The definition of the Oxford English Dictionary describes “compliment” as “a ceremonial act or expression as a tribute of courtesy, ‘usually understood to mean less than it declares’”, before it goes on to define Present-day compliments as “neatly-turned remark addressed to any one, implying or involving praise”. Historical material, especially of the seventeenth and eighteenth century provides a lot of evidence for compliments that correspond to the opening definition given by the Oxford English Dictionary. Following Taavitsainen and Jucker forthc. and Taavitsainen and Jucker 2008, I use the term “ceremonious compliments” for these, in contrast to Present-day personal compliments.

Beetz (1990, 1999) analyses such ceremonious compliments in the Old German empire. He describes them as follows.

The term compliment as used in the Old German empire indicates its French origin in its spelling, pronunciation and above all in its meaning. It does not only signify a compliment as we understand the word today, but is a far more comprehensive term embracing oral, written and even non-verbal interaction rituals for everyday and ceremonious communication situations. For example we may list here greetings and farewells, congratulations and condolence, requests and thanks, all forms of initiating and maintaining contact such as introducing oneself and others, regards, recommendations, invitations, announcements, invitations to dance, good wishes, promises, offers of service, presentations, apologies; even “reprimand compliments” are not considered to be a contradiction in terms. (Beetz 1999: 142)
The examples in (1) to (3) are taken from early newspapers. They are taken from the Zurich English Newspaper Corpus (ZEN).
(1) Tis believed the Pope will order him to compliment the Duke of Mantoua upon his late Marriage with the Princess of Guastala. (ZEN lgz0051, 1671)
(2) The Swiss Cantons have no formal Notice as yet given them; of the Duke of Anjou's Accession to the Throne of Spain, so that they have time enough to bethink themselves concerning the Compliment of Congratulation. (ZEN fpt 0088, 1701)
(3) Prince Lewis of Baden arrived here on the 12th instant, and has received the compliments of the General Officers, and other Persons of Quality. (ZEN pmn 00859, 1701)
These early newspapers report ceremonial acts. The Duke of Mantua is congratulated on his marriage (extract 1), the Duke of Anjou is congratulated on his accession the throne of Spain and Prince Lewis of Baden is officially welcomed on a visit to Vienna. In all cases, the compliments are official and ceremonial acts of diplomacy, and they certainly correspond to the OED description that they are paid as a “tribute to courtesy”.

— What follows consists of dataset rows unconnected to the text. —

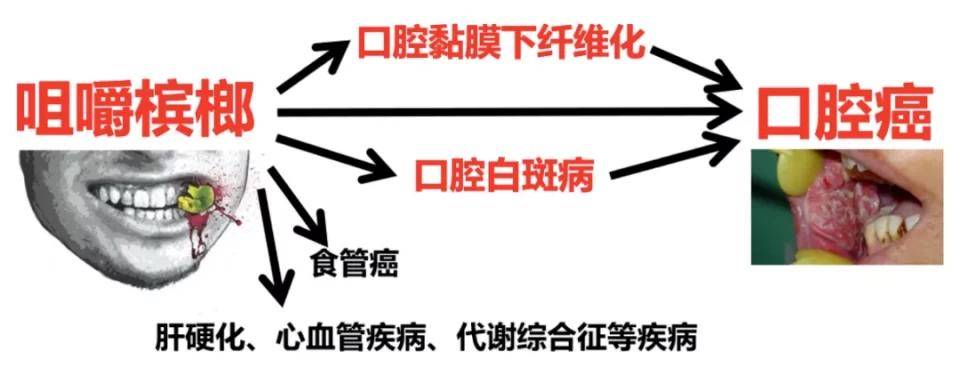 損害口腔誘發口腔癌檳榔纖維粗糙,長期嚼檳榔,極易損傷口腔粘膜,傷口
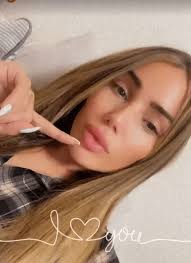 Dans la guerre contre n'allons pas trop vite en besogne, pour manon marsault, la chirurgie esthétique est envisageable. Chirurgie Esthetique Ratee De Manon Marsault Je Ne Supporte Plus Mes Levres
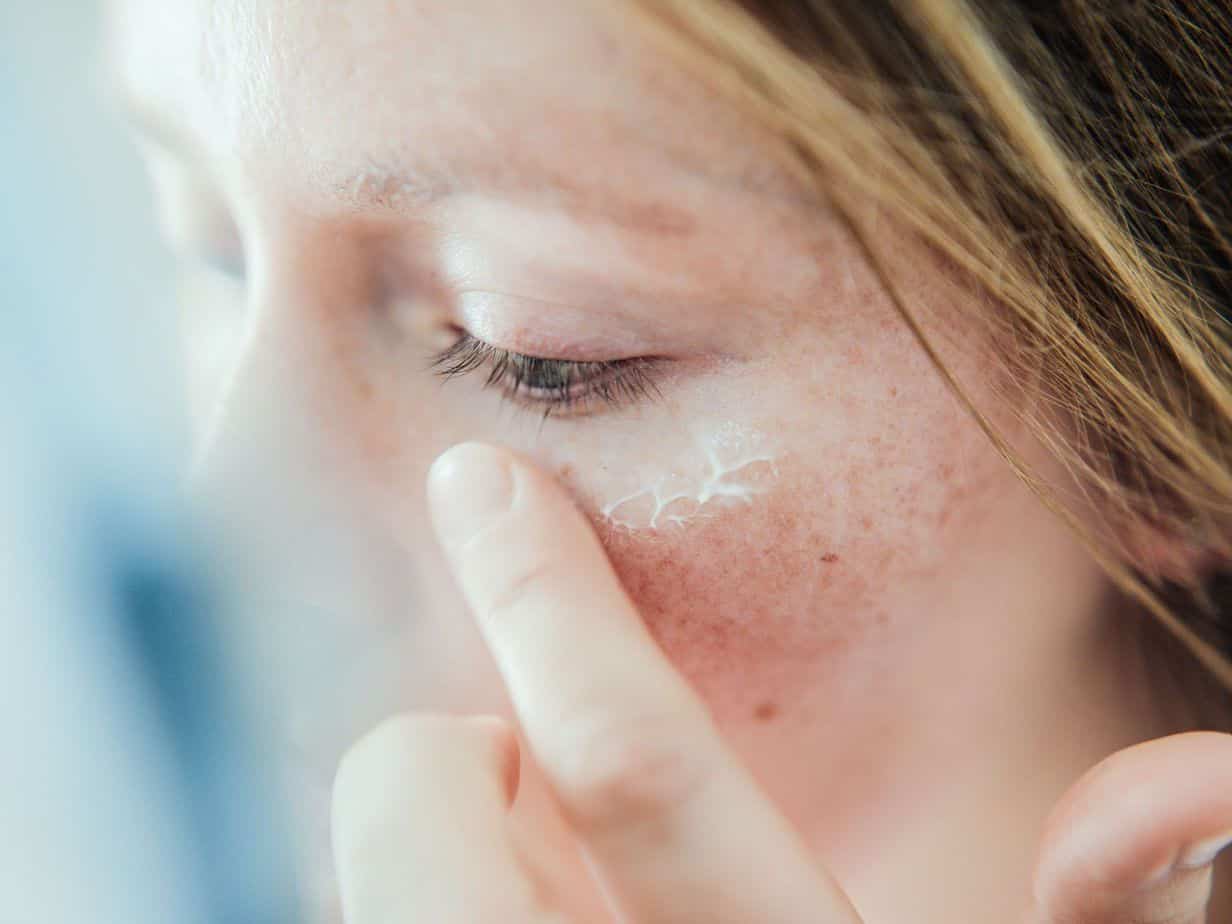 Causes of dry skin around the eyes 01 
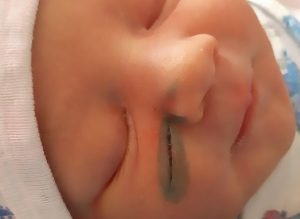 Read more about the article Docs Cut Newborns Face During C-Section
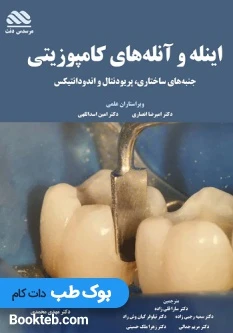 اینله و آنله های کامپوزیتی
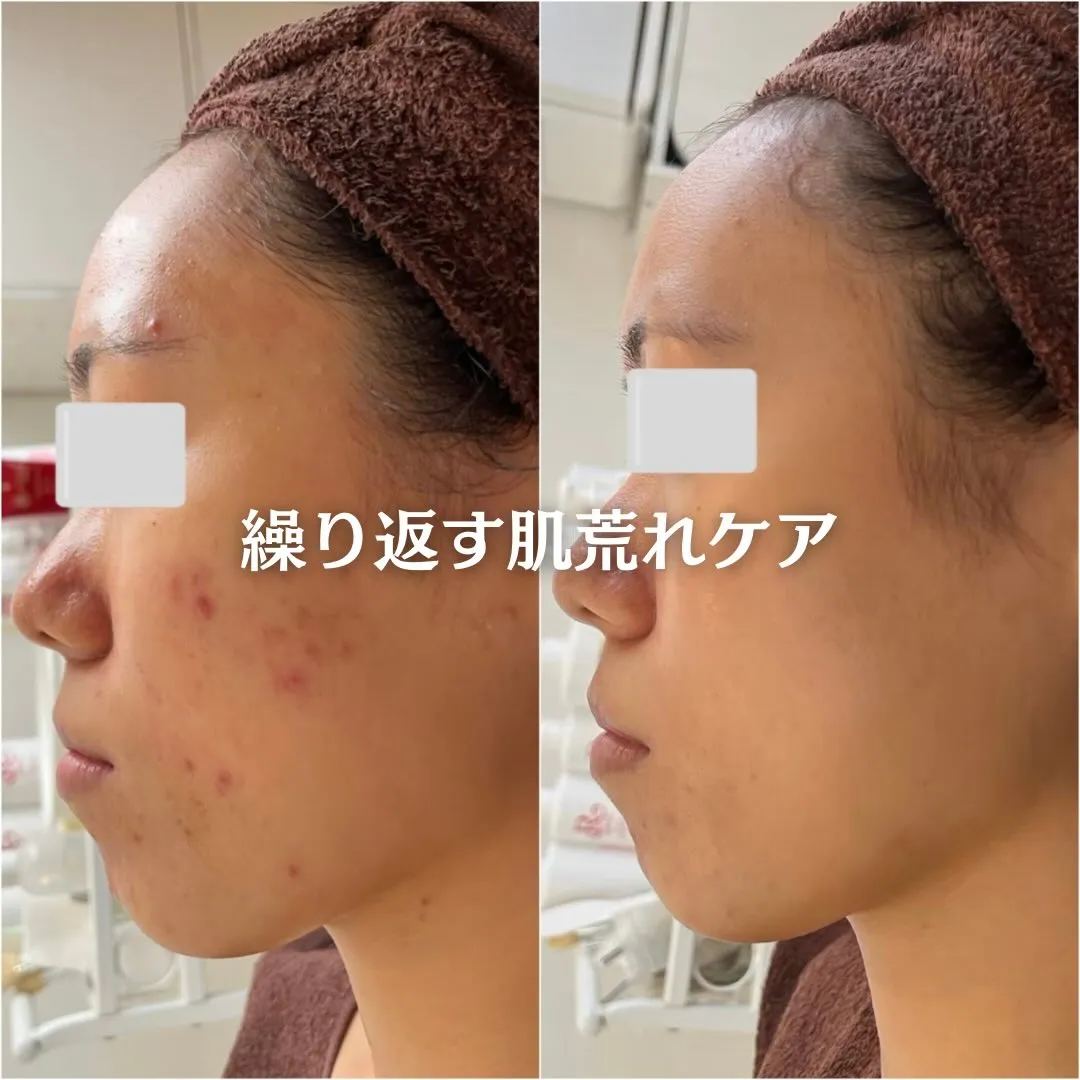 @beautysalonfacile 👈🏻他投稿もチェック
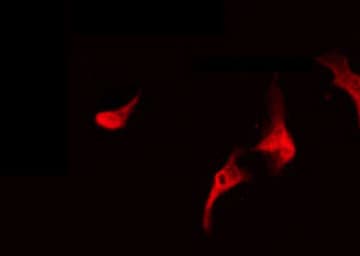 Polyclonal Rabbit anti-Human NBPF7 Antibody (IF, WB)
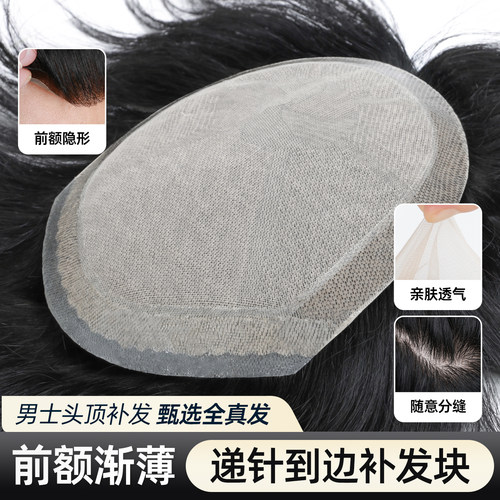 贝尔秀递针男士头顶补发块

Extracts (4) to (6) are taken from Matthew Lewis’ Gothic novel The Monk, first published in 1796. They also illustrate “ceremonial acts”.

(4) The old Lady with many expressions of gratitude, but without much difficulty, accepted the offer, and seated herself:  The young one followed her example, but made no other compliment than a simple and graceful reverence. (The Monk, p. 10)
(5) His Cell was thronged by the Monks, anxious to express their concern at his illness; And He was still occupied in receiving their compliments on his recovery, when the Bell summoned them to the Refectory. (The Monk, p. 84)
(6) The marriage was therefore celebrated as soon as the needful preparations had been made, for the Marquis wished to have the ceremony performed with all possible splendour and publicity. This being over, and the Bride having received the compliments of Madrid, She departed with Don Raymond for his Castle in Andalusia,  (The Monk, p. 418)
In (4) the compliment does not even involve words. It is a compliment of thanks by a young lady who, together with her older companion, has been offered seats in a church. The compliments described in (5) are good wishes received after a recovery from illness. The actual words of these compliments are not given. They may, of course, involve praise for the recovery and as such they are in an obvious way related to the personal compliment. In (6), finally, Don Raymond receives the congratulations of “Madrid” on his marriage. “Madrid” presumably refers to the dignitaries and noble people of Madrid. The compliments described in (4) and (5) take place in private contexts, whereas the compliment in (6), like those reported by the newspapers in (1) to (3), take place in a public context.

The extracts (1) to (3) have been retrieved by a search for the term “compliment” in the ZEN corpus (Field – Corpus: SAV). Extracts (4) to (6) by a combination of the philological method (Patterns – Field – Philological) and a corpus search in the Project Gutenberg.